Thank you. I was without internet access for the past week or so, and during
that time I (re)discovered this bizarre place. It is kind of like the
internet, except that the info is on paper and seems to be somewhat more
reliable/authoritative. They call it a "library." I picked up O'Reilly &
Associates "Learning XML"
It is covering what I need to know. Thank you for the kind offer.
> > I have a project that I'd like to start on, but it involves me becoming
> > less dumb about XML.
>
> Define "less dumb". :) The basic, in the trenches, get the work done and
> pretend this is the real world stuff isn't hard at all. The Lovecraftian
> tangle of standards that the W3C is spewing now isn't real popular even
> with the people who make up xml-dev and makes my head hurt (actually, the
> diagram showing their interrelations does that).
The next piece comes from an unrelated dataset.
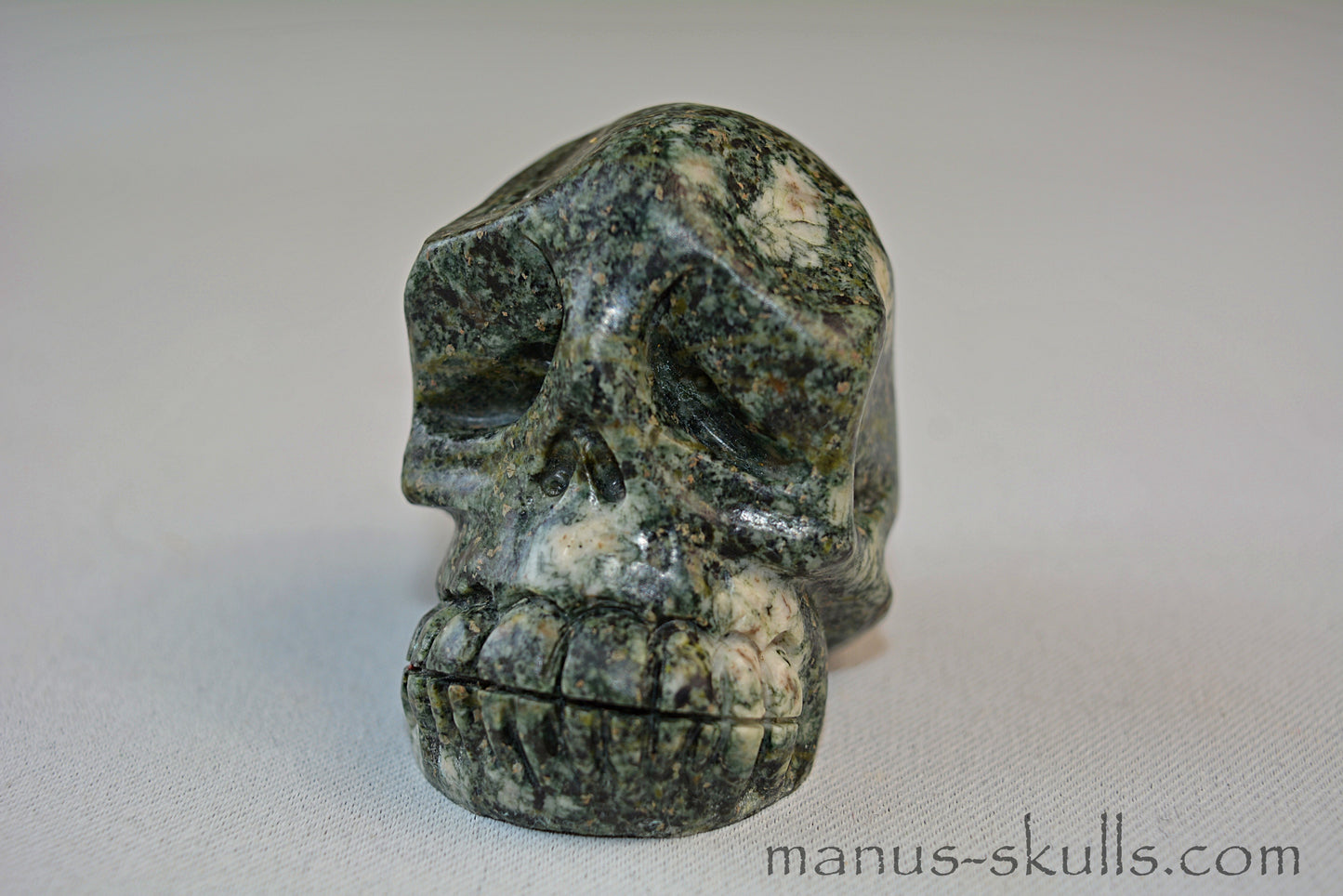 Preseli Bluestone Skull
It's kind of interesting to me. I've been writing valid HTML in very small
quantities for the past several years. It has been pretty enlightening to
learn what is behind a lot of the stuff I have just been going through the
motions on . Plus I have made the leap from HTML 4.01 transitional to XHTML
1.0 strict for all my new pages.
Anyway, I think I now know what I need to know.
Is there a clearinghouse for DTDs? It seems that DTD proliferation is likely
to become a problem (if it isn't already) and I don't want to contribute.
Specifically I need one for communication of cellular phone usage data.